## REQUIRED ACTION
Without the pictures, give the entries below again exactly as written.

== INFORMATION PROVIDED

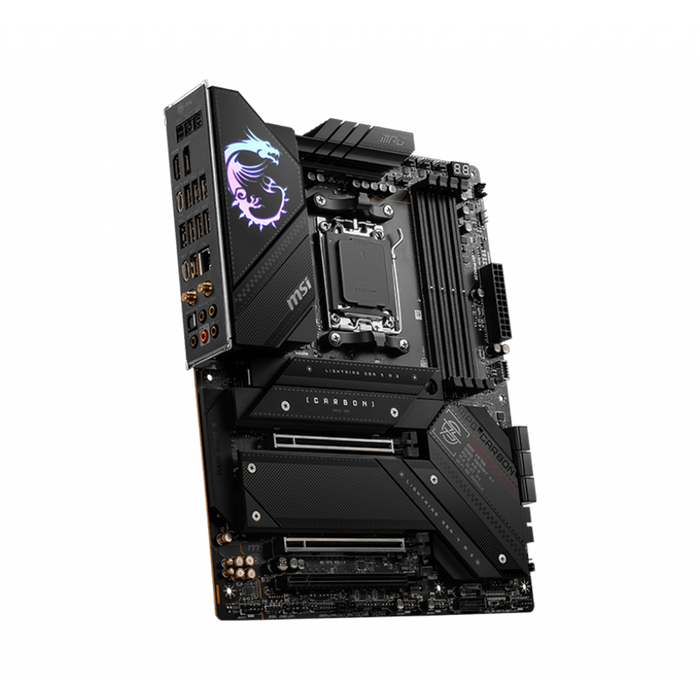 Motherboard supports AMD Ryzen™ processors, DDR5 memory, PCIe 5.0, M.2 storage, ARGB lighting, and includes 3-year warranty.
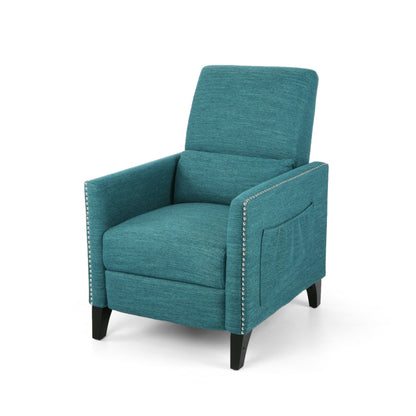 Modern Fabric Upholstered Push-Back Recliner with Footrest, Nailhead Accents, Birch Wood Legs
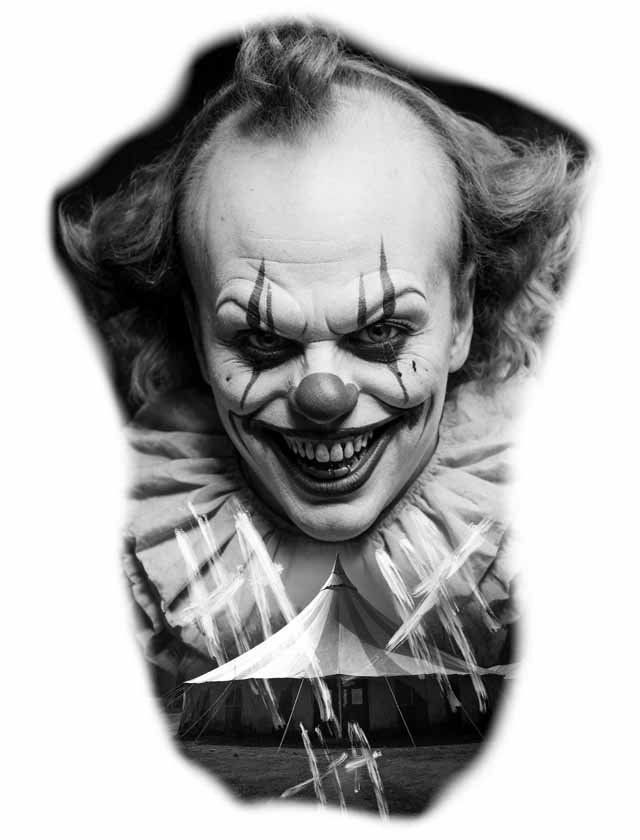 A black and white photo of a clown with a broken glass background.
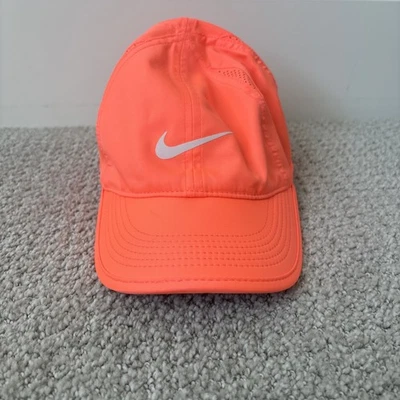 Nike Dri-Fit Featherlight Bright Orange Mango Swoosh Logo Tennis Hat Cap Adult - Image 1 of 4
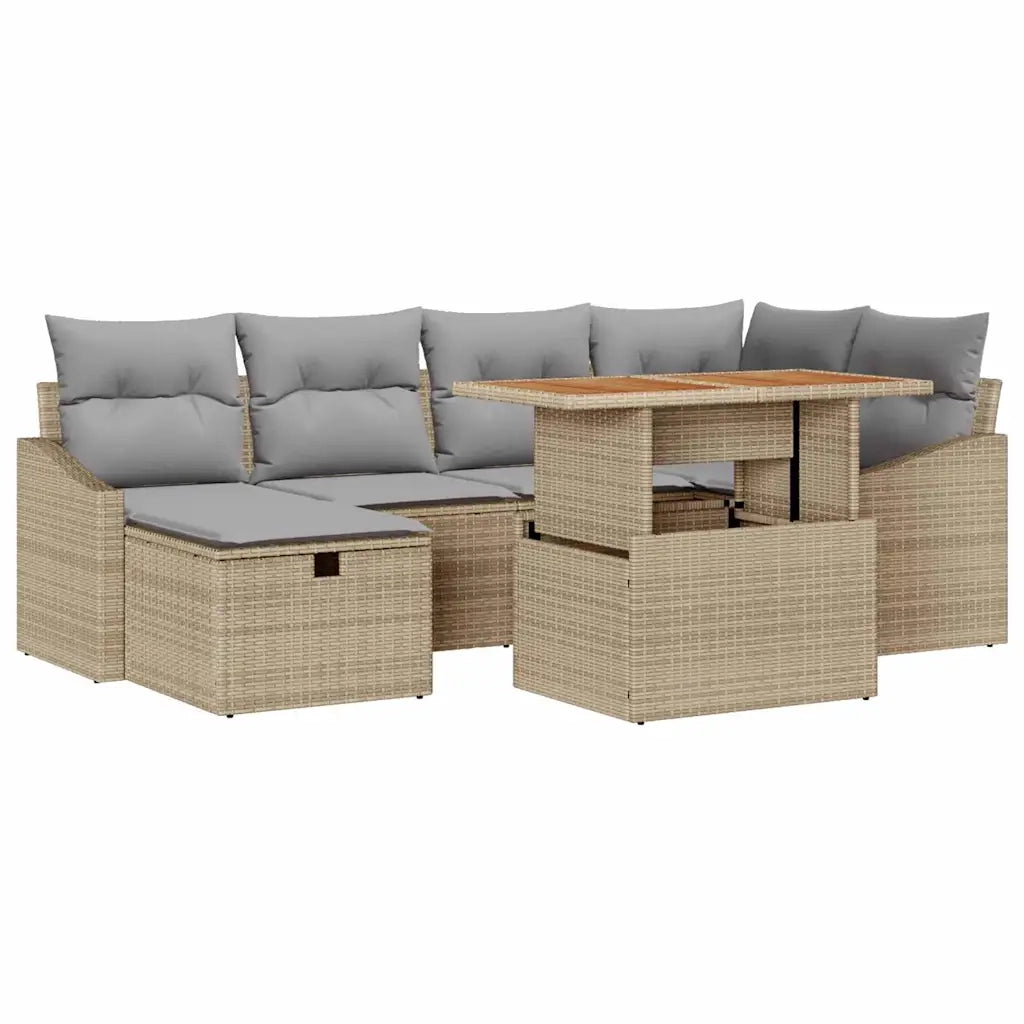 Set Divano da Giardino 7 pcs Beige polyrattan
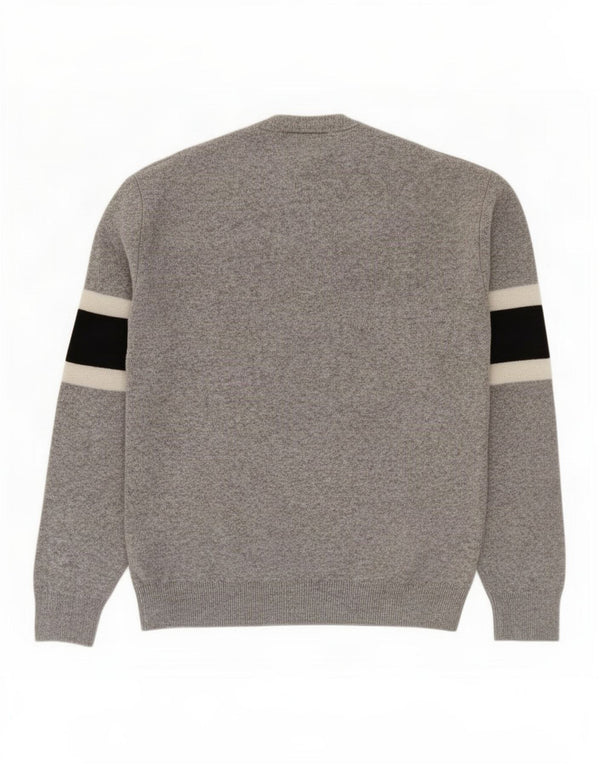 Lacoste Mens Crew Neck Jumper Sweater Size 3 Small Grey Colourblock Wool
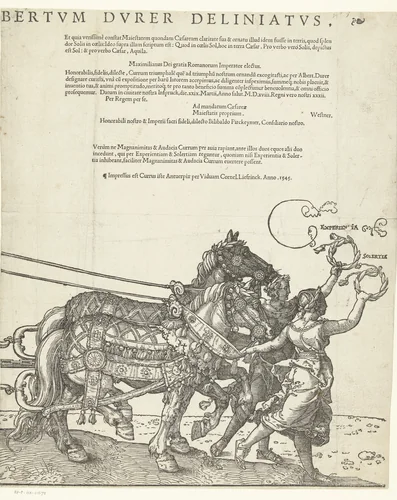 Triomfwagen van keizer Maximiliaan I by Hans Guldenmund, print, 1527-1529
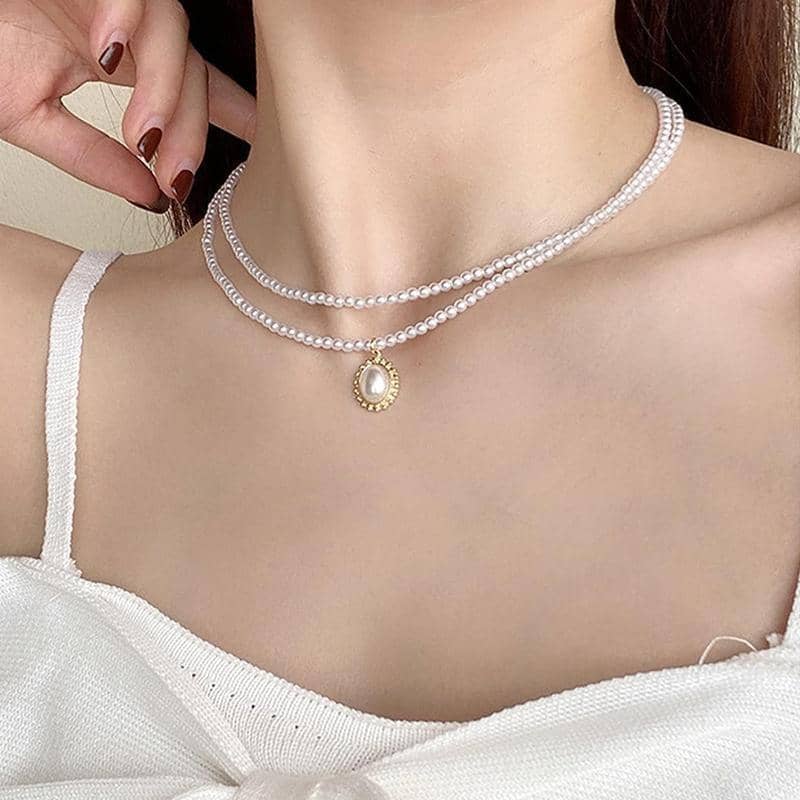 Pearl Pendant Necklace - Double Layer, Gold Oval Pendant - view 4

====

## WRITTEN RESPONSE
 Motherboard supports AMD Ryzen™ processors, DDR5 memory, PCIe 5.0, M.2 storage, ARGB lighting, and includes 3-year warranty.
 Modern Fabric Upholstered Push-Back Recliner with Footrest, Nailhead Accents, Birch Wood Legs
 A black and white photo of a clown with a broken glass background.
 Nike Dri-Fit Featherlight Bright Orange Mango Swoosh Logo Tennis Hat Cap Adult - Image 1 of 4
 Set Divano da Giardino 7 pcs Beige polyrattan
 Lacoste Mens Crew Neck Jumper Sweater Size 3 Small Grey Colourblock Wool
 Triomfwagen van keizer Maximiliaan I by Hans Guldenmund, print, 1527-1529
 Pearl Pendant Necklace - Double Layer, Gold Oval Pendant - view 4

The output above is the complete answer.